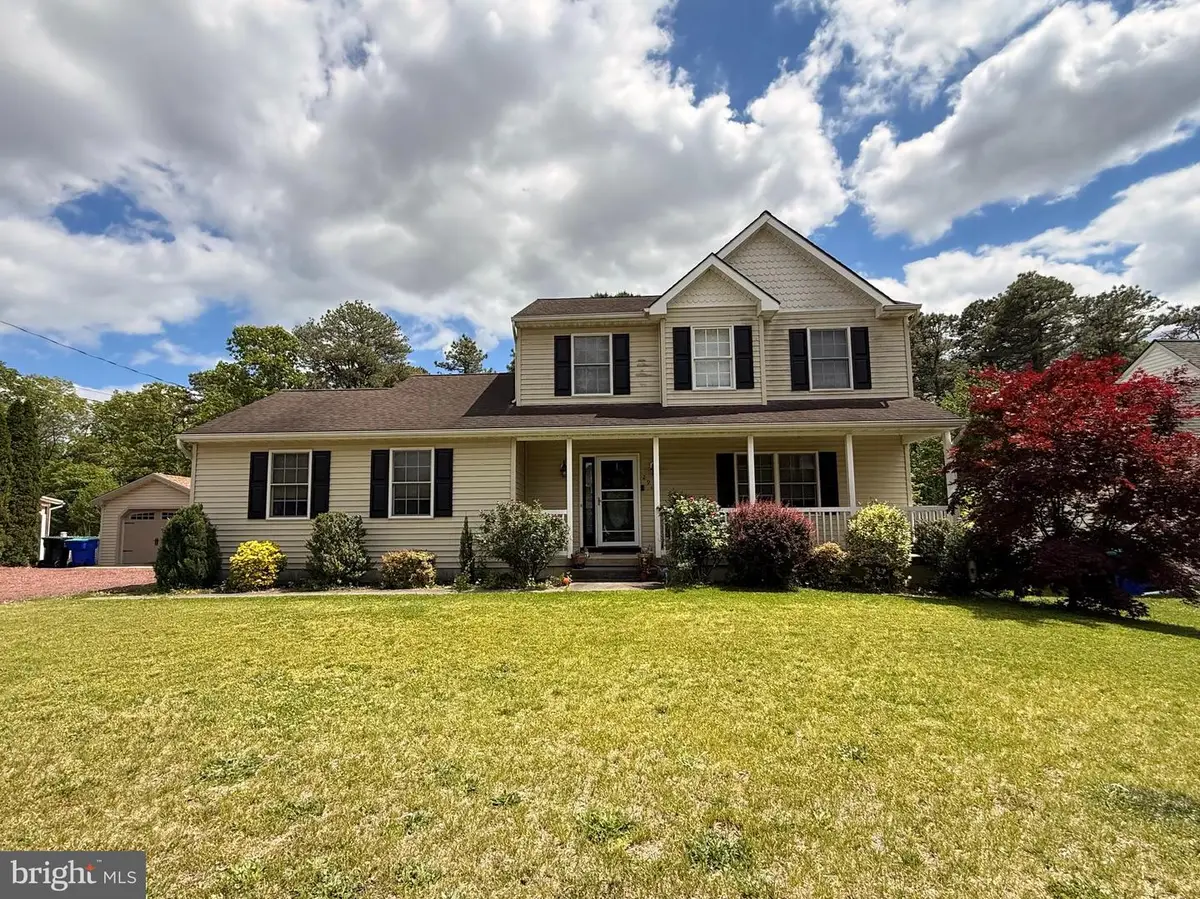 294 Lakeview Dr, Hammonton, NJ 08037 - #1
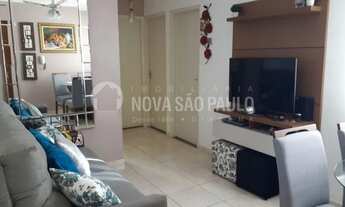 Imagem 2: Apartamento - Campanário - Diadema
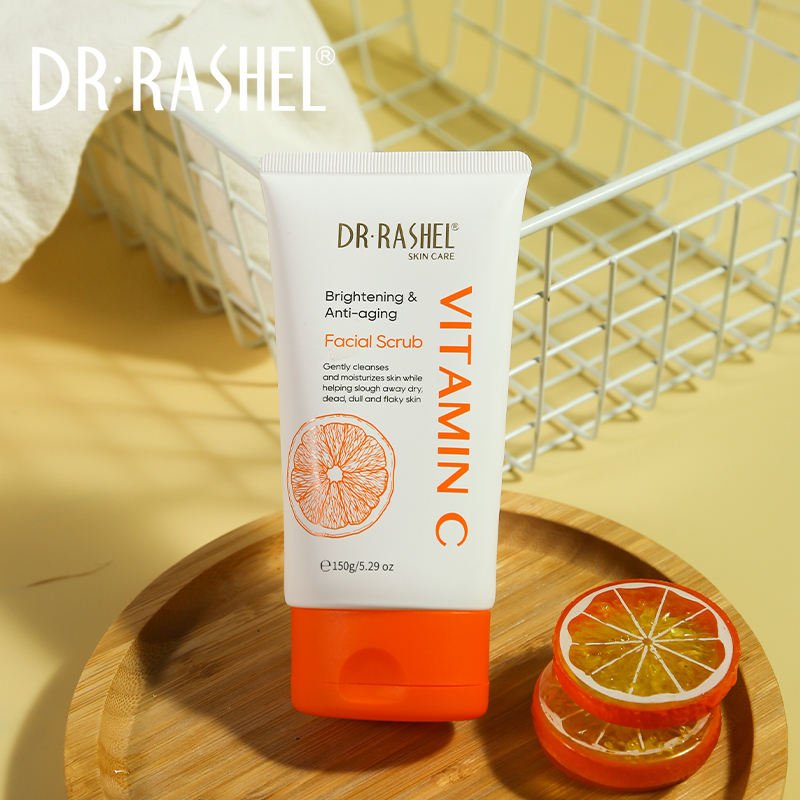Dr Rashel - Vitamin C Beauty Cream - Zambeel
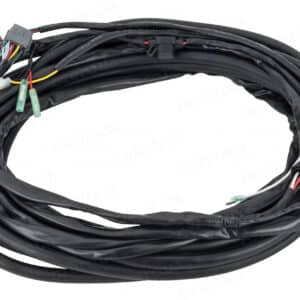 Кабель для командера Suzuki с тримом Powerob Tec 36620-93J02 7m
--
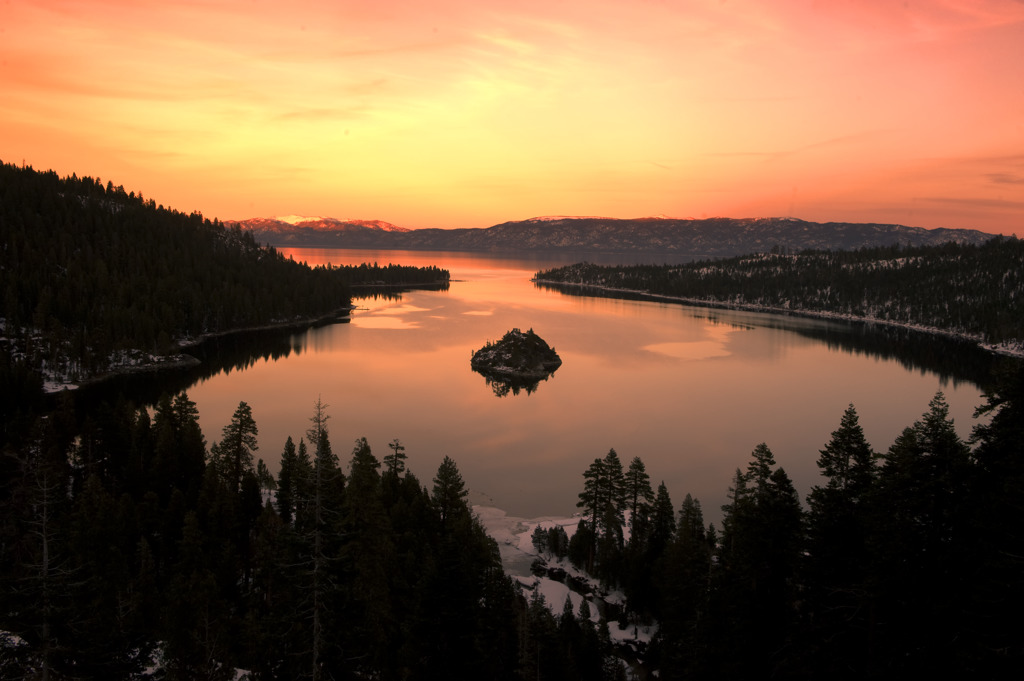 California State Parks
---
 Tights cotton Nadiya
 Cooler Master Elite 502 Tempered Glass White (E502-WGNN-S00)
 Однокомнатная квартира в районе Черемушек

## WHAT IS BEING ASKED
Range to copy from the listing above: the line with "Imagem 2: Apartamento - Campanário - Diadema" through the line with "Кабель для командера". Transcribe it exactly and skip the pictures.

## ANSWER SECTION
 Imagem 2: Apartamento - Campanário - Diadema
Dr Rashel - Vitamin C Beauty Cream - Zambeel
 Кабель для командера Suzuki с тримом Powerob Tec 36620-93J02 7m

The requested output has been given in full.